I am not a world traveler. I don’t dream of visiting Paris but I love to read about Paris. The Paris of different eras, different stations in life, and for different people all intrigue me.
This collection of short stories about Paris is wonderful. I love that not every short story is the same. There are stories of family visits, stories of visiting the tourist stops, stories of the art and galleries, and stories of not enjoying Paris. There were so many different views and perspectives of visiting, living, and seeing Paris that I found myself devouring each one. I was anxious to get to the next story.
Between each story there were short bios of the authors along with their likes, dislikes, and memories of Paris which I found informative. It was interesting to learn a little about the authors along with what influenced their memories of Paris.
Whether you have visited Paris, dream of visiting Paris, or just like to live vicariously through what you read this is a great collection of short stories.
"A collection of all-new Paris-themed essays written by some of the biggest names in women’s fiction, including Paula McLain, Therese Anne Fowler, Maggie Shipstead, and Lauren Willig, edited by Eleanor Brown, the New York Times bestselling author of The Weird Sisters and The Light of Paris.
“My time in Paris,” says New York Times–bestselling author Paula McLain (The Paris Wife), “was like no one else’s ever.” For each of the eighteen bestselling authors in this warm, inspiring, and charming collection of personal essays on the City of Light, nothing could be more true.

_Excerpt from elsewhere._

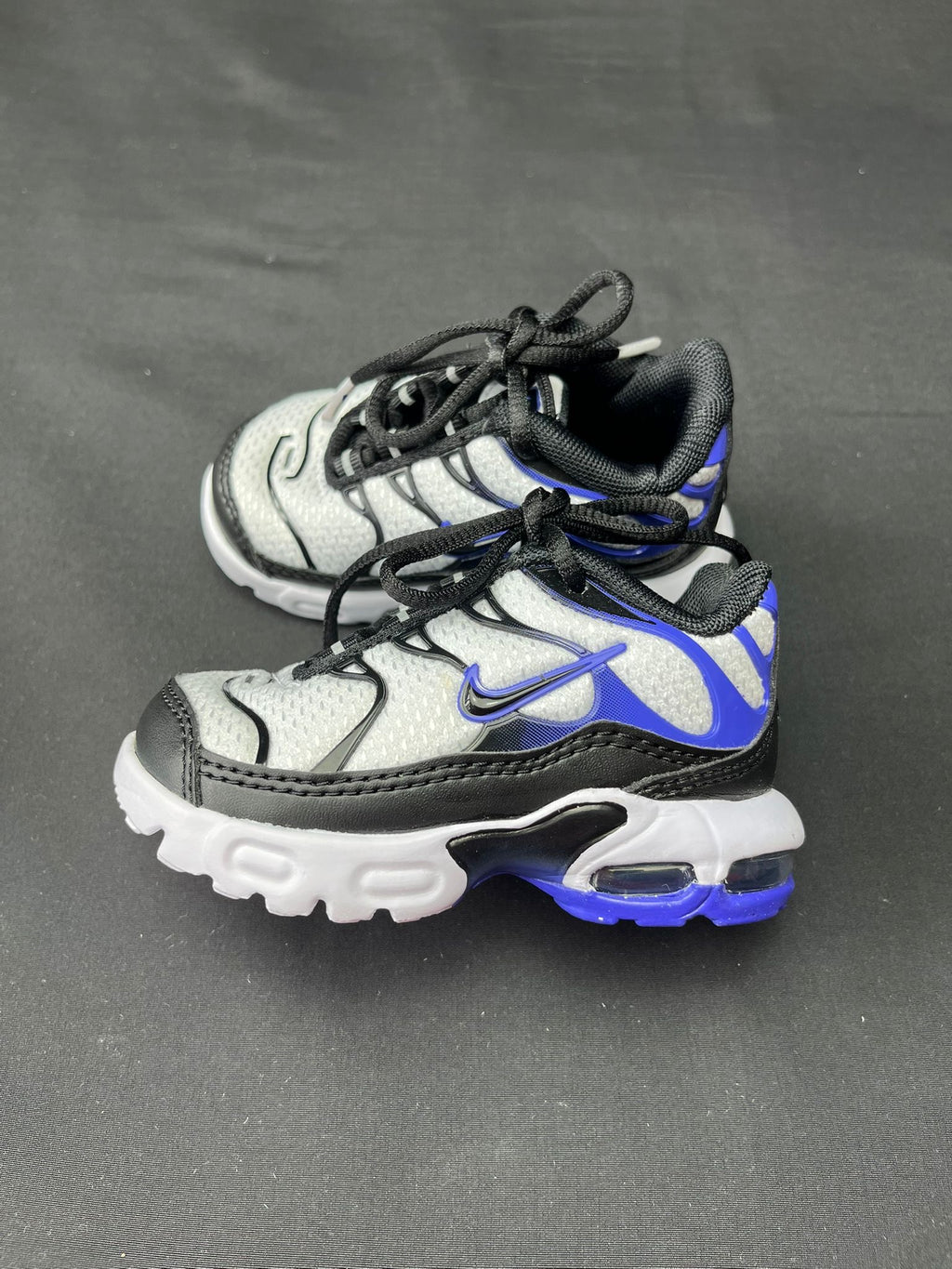 Authentic Infant Nike TN trainers in White, Black and Royal Blue, brand new in the original box.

While all of the women writers featured here have written books connected to Paris, their personal stories of the city are wildly different. Meg Waite Clayton (The Race for Paris) and M. J. Rose (The Book of Lost Fragrances) share the romantic secrets that have made Paris the destination for lovers for hundreds of years. Susan Vreeland (The Girl in Hyacinth Blue) and J. Courtney Sullivan (The Engagements) peek behind the stereotype of snobbish Parisians to show us the genuine kindness of real people.

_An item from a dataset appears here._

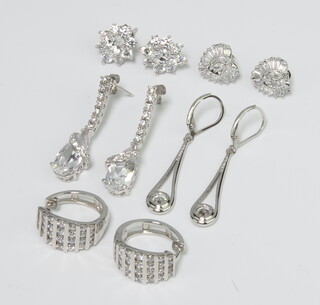 A pair of silver paste earrings and 4 other pairs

From book club favorites Paula McLain, Therese Anne Fowler (Z: A Novel of Zelda Fitzgerald), and anthology editor Eleanor Brown (The Light of Paris) to mystery writer Cara Black (Murder in the Marais), historical author Lauren Willig (The Secret History of the Pink Carnation), and memoirist Julie Powell (Julie and Julia), these Parisian memoirs range from laugh-out-loud funny to wistfully romantic to thoughtfully somber and reflective.
Perfect for armchair travelers and veterans of Parisian pilgrimages alike, readers will delight in these brand-new tales from their most beloved authors."
I think you all know why I'm excited for this book? LAUREN WILLIG!
I must start this review by telling you that I travel a lot and Paris is absolutely my favorite city to visit. If I was a little younger and a lot braver, I would probably live there but I think its a little late in life for me to make such a change. I love reading books about Paris when I can't be there and this book didn't disappoint me - in fact, I loved it. I have read books by all 18 of the authors who contributed and since they all write different types of books, the essays all took different slants on their love or lack of love for Paris. As with any anthology, I loved some of the essays and wasn't too crazy about others. Whether you've visited Paris or want to visit or just enjoy reading about that beautiful city, this is a great book to read.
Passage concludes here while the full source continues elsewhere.